Questions fréquentes

  • Combien prévoir de consommables par séjour Airbnb ?

    Pour un deux-pièces, prévoyez 8–15 $ par rotation. Le bas de la fourchette suppose des distributeurs rechargeables et l'achat en gros ; le haut couvre les produits de toilette à usage unique, un café de bienvenue et les basiques d'épicerie. Un studio tombe plus près de 6 $, un trois-pièces pour huit à 20 $ et plus, parce que plus de voyageurs brûlent le papier toilette et le café plus vite. Le chiffre exact importe moins que le fait qu'il existe et revient à chaque rotation.

  • Les consommables sont-ils un coût par nuit ou par séjour ?

    Surtout par séjour. Environ 70 % du coût est le kit de départ que vous remettez à zéro à chaque rotation — papier toilette frais, distributeur plein, éponge neuve, café scellé — et il coûte la même chose que le voyageur soit resté deux nuits ou sept. Seuls 30 % environ varient avec la durée. C'est pour ça que les courts séjours sont chers à la nuit sur ce poste, comme sur le ménage : le coût fixe de remise à zéro se répartit sur moins de nuits.

  • Faut-il fournir café et provisions aux voyageurs ?

    Fournissez le café, le thé et le basique ; pas le placard garni. Un peu de café et de thé est bon marché, attendu, et apparaît dans les avis quand il manque. Un placard plein d'huile, d'épices et de snacks paraît généreux et se fait vider en entier — vous payez au prix de l'épicerie pour ravitailler le road-trip de quelqu'un. Prévoyez ce qui protège l'avis, pas ce qui garnit une cuisine.

  • Est-ce moins cher de faire acheter les consommables par mon agent de ménage ?

    Pour le réassort de routine, non — votre agent achète au détail et ajoute une marge, vous payez donc plus à l'unité que l'achat en gros. Là où c'est pertinent, c'est en cas d'urgence : un agent qui repère un placard vide en pleine rotation et prend de quoi dépanner en chemin vous épargne un avis à une étoile pour rupture, ce qui vaut le supplément de course de 25–45 $. Le réassort de routine, achetez-le vous-même en gros ; laissez à l'agent le soin de combler les trous.

  • Combien de papier toilette laisser aux voyageurs ?

    Laissez deux à trois rouleaux entamés et posés, plus au moins une réserve visible pour qu'un voyageur n'ait jamais à vous écrire. Pour les longs séjours ou les grands groupes, augmentez — une réservation d'une semaine pour quatre demande six rouleaux ou plus en réserve. Le coût est dérisoire (moins d'un dollar le rouleau en gros) et le mode de défaillance est un titre à une étoile, c'est donc le dernier endroit où économiser.

  • Les voyageurs emportent-ils vraiment les produits de toilette ?
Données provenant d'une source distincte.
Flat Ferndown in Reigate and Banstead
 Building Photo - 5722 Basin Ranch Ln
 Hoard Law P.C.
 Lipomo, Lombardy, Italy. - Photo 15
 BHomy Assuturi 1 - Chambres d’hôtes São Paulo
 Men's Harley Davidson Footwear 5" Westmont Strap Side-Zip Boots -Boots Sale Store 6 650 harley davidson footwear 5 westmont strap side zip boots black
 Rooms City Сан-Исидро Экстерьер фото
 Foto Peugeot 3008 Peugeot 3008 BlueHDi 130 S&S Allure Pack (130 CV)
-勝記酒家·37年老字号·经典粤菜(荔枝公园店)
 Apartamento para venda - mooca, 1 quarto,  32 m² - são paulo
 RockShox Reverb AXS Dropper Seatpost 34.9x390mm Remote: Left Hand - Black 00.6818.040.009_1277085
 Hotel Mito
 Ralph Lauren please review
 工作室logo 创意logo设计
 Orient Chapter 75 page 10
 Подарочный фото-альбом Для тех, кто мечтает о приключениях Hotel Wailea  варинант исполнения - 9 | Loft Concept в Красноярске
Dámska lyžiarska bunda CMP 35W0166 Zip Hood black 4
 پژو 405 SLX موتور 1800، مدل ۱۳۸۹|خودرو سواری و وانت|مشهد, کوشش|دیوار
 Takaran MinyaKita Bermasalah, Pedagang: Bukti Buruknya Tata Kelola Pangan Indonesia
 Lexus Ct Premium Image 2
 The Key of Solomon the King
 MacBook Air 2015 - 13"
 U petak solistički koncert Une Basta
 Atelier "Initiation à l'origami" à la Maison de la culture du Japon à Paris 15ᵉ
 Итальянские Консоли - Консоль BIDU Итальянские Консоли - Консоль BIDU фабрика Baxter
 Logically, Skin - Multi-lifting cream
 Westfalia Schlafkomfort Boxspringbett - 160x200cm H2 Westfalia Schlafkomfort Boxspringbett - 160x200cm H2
    Oui, couramment — et c'est normal, pas un vol à combattre. Les formats voyage et les flacons à usage unique partent en entier ; un savon entamé reste sur place. C'est le meilleur argument pour les distributeurs muraux rechargeables : un voyageur qui empocherait volontiers trois flacons de shampoing ne videra pas votre distributeur, votre coût par utilisation baisse donc et le réassort devient prévisible.

  • Puis-je facturer des frais de consommables séparés aux voyageurs ?

    Non. Il n'y a pas de ligne pour ça — ni sur Airbnb, ni sur Booking.com, ni sur Vrbo — les consommables vivent dans vos frais de ménage et votre tarif par nuit. C'est précisément pour ça que le coût doit rester assez petit pour s'y absorber sans plomber vos chiffres. Si les consommables grimpent au point que vous aimeriez les facturer, la solution est l'achat en gros et le principe du kit de départ, pas des frais qui n'existent pas.

  • Comment éviter de tomber à court de consommables en pleine rotation ?

    Traitez les consommables comme un stock avec un point de réapprovisionnement, pas comme un truc qu'on achète quand on y pense. Fixez un niveau de stock par bien (un nombre de rouleaux de réserve, de bidons de recharge et d'étuis de café sous lequel vous ne descendez jamais) et un déclencheur pour recommander le pack en gros une fois atteint. Mettre le réassort sur une règle plutôt que sur la mémoire, c'est ce qui sépare les hôtes qui ne tombent jamais à court de ceux qui apprennent le placard vide par un avis.